In such situations, we have a conflict of rights.
The law has to side with one right over the other, so it has to have a principled basis for doing so.
That principled basis in the abortion case is the fact that retaining one's life (the prenatal baby's right) is of a higher order in a hierarchy of things members of society value than is the woman's claim to a right to not carry the baby to term.
Why is the baby's right to life higher in the hierarchy?
It deals with a permanent loss of what is at stake, not a nine-month loss. And without the right to life, no other rights can exist, which puts the right to life at the top of a hierarchy of social values.
What I refer to is a natural hierarchy of values, not power grabbed by sociopolitical influence...the latter would be what is advocated by the "pro-choice" contingent.
As you've likely gathered by now, I'm not a part of the "pro-choice" contingent.
I'm 100% pro-life.
There is no Federal, Constitutional Right to abortion. It is a legal fiction that will, at some time, be over-turned.
After the Republican Party takes control of the U.S. Senate. If you have a chance, send in a letter to the editor of your local paper supporting Republican candidates!
I quoted to him the same line from the Declaration of Independence. I said, given that statement, can't we agree that first and foremost, we all have the right to life. Without that right, we cannot pursue happiness. Does this not support the notion that the founders could not have supported abortion.
He looked at me, coked his head, and gave me the greatest headline I ever ran. He said, "The Declaration of Independence is a nice puff piece, but it ain't the law!" he went on to explain that abortion simply is not contemplated by the Constitution, therefore it is a 10th Amendment issue for the States.

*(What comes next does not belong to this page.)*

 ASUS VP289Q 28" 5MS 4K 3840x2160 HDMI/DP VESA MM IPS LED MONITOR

The reasoning is so clear, so right, so Constitutional, and yet so ignored.
We hold these truths to be self- evident...that all men are created equal, that they are endowed by their Creator with certain unalienable Rights, that among these are Life, Liberty, and the pursuit of Happiness.

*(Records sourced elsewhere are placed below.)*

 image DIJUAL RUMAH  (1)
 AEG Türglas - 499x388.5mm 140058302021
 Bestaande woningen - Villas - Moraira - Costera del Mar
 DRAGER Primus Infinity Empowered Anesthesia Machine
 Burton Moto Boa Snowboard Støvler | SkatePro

They chose created equal instead of born equal for a reason. They knew that by birth we are not equal, we are born rich, poor, kings and slaves, yet they acknowledged that at creation we are equal and have the same God given rights that a kings would. You underestimate the power that this document has in affecting our constitution. For while it was legal by the constitution to own and hold slaves, many saw in these same words (all men are created equal) that it was not right to do so and fought and died that this "declaration" be applied to the constitution. And it was!!!
So you see that the Declaration of Independence was the cornerstone in freeing us from England and a hundred years later in freeing the blacks from slavery here in our own country. It can and will be used again in this century to free the unborn in America! But only if we demand that the the original intent of our forefathers idea of "created equal" be applied once more, this time to those who have no voice in their own birth, those who were created equal but have been denied their unalienable right to life!

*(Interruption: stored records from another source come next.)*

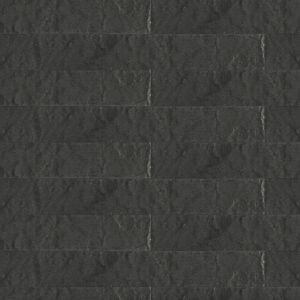 Linia Excellence Rockface 10x15x60 cm Nero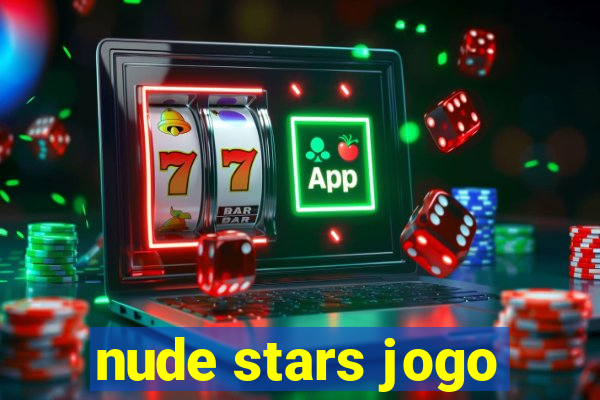 nude stars jogo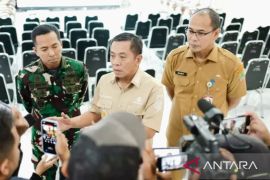 Pemkab Karawang bentuk Satgas Anti-Premanisme dan Satgas Ketenagakerjaan, tindaklanjuti instruksi Gubernur Jabar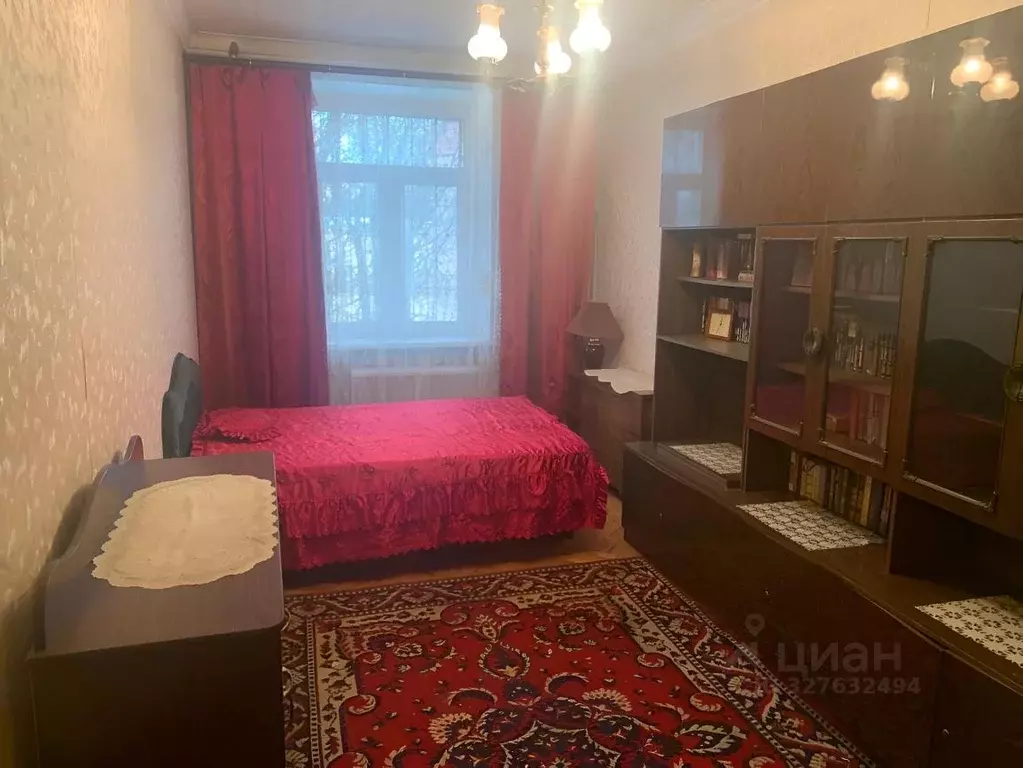 2-к кв. Московская область, Люберцы пос. ВУГИ, 19 (48.0 м) - Фото 1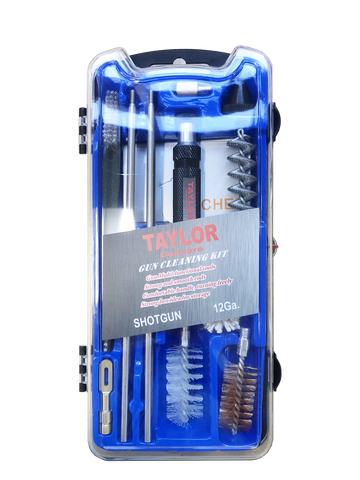 Taylor 12G Deluxe Cleaning Kit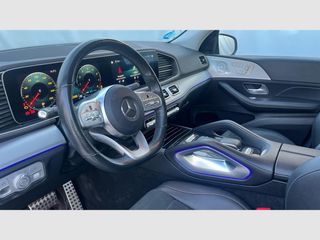 Mercedes Benz GLE GLE 450 4MATIC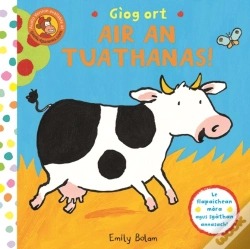 Capa do artigo Giog Ort Air An Tuathanas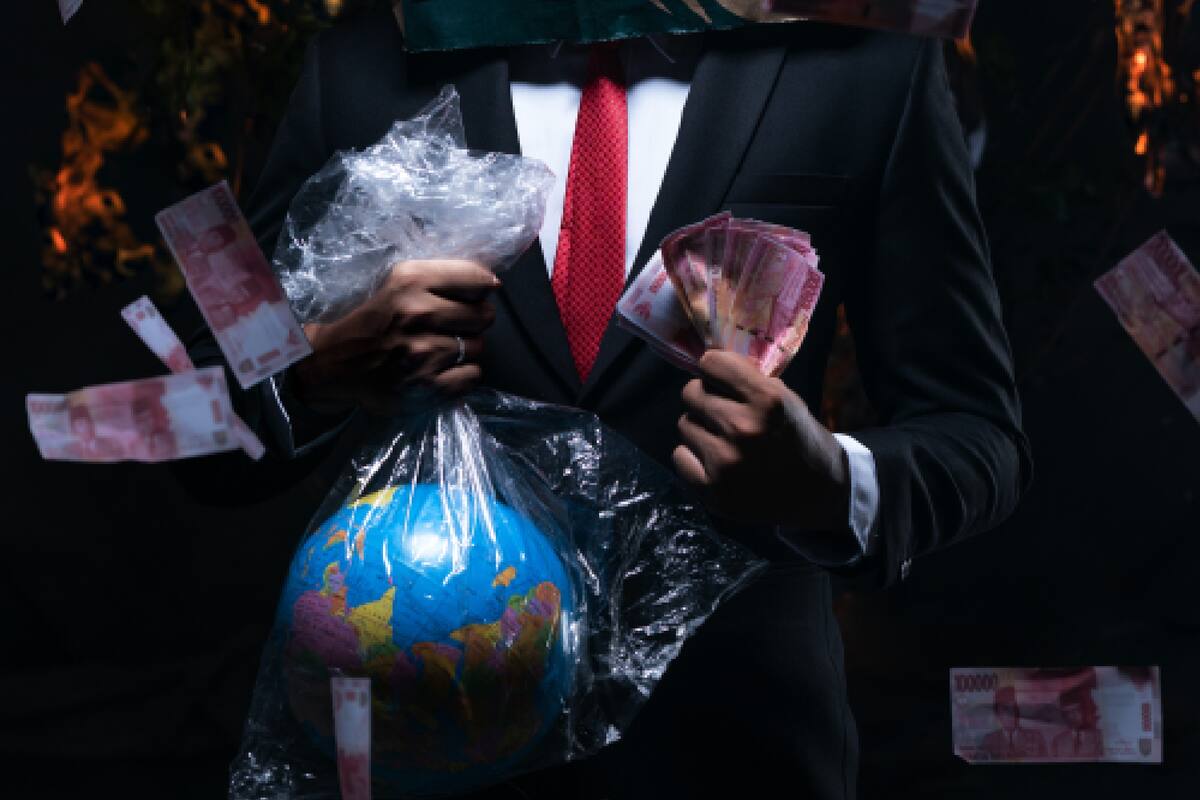 El fenómeno del Niño ha causado serios estragos no solo en el clima, sino también en la economía de los países afectados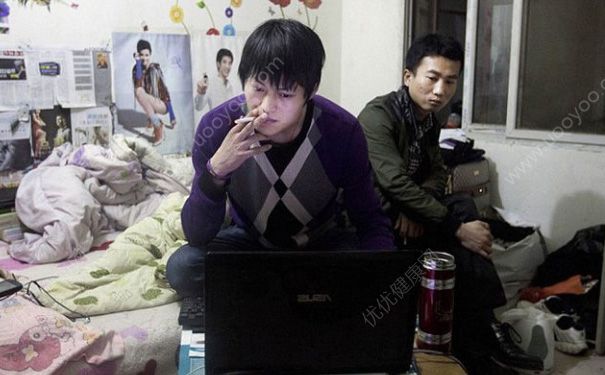 什么時候吸煙危害最大？什么時候吸煙危害最??？(4)
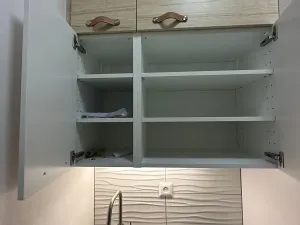 Pronájem bytu 1+kk, Praha - Holešovice, Heřmanova, 26 m2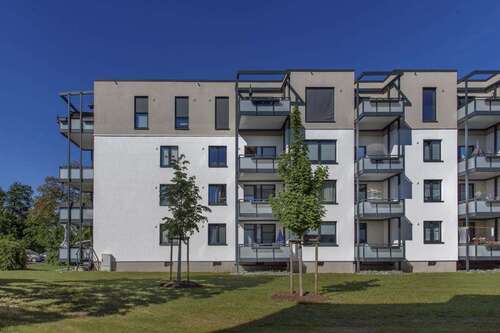 Foto - Wohnung zum Mieten in Wolfsburg 809,00 € 67.49 m²
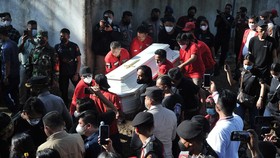 Dokter Forensik RSCM Pimpin Autopsi Ulang Jasad Brigadir J
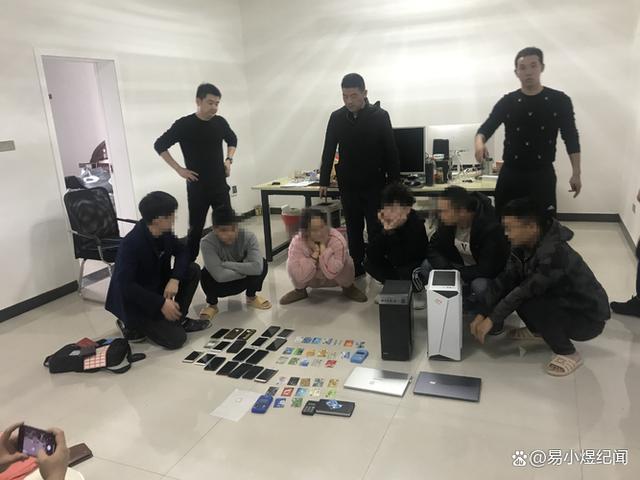 柬埔寨电诈小头目：有人逃跑被打死，进了园区就失去自由！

The Declaration of Independence may not be law but it is the truth and truth should guide all laws.
No law will ever prevent all instances of the thing it prohibits.
That fact does not preclude the need for the law, where it can be reasonably shown that the existence of the law, and penalties attached thereto, can result in a lesser number of instances of the thing prohibited by the law.
Second, regarding:
You (i.e., the government) are not entitled to tell me what to do with my body, as I am not entitled to tell you what to do with yours.
On what basis to you proclaim that view as an absolute by which society should be bound, instead of just the arbitrary opinion of those who proclaim it?
Third, the government exists to protect the lives of the people in the lands that it governs, above all else.
Fourth, what of the father of the baby? Every cell in his prenatal son or daughter is half of him. What is he doesn't want his prenatal baby aborted, and is willing to raise the child on his own? Then what, and why?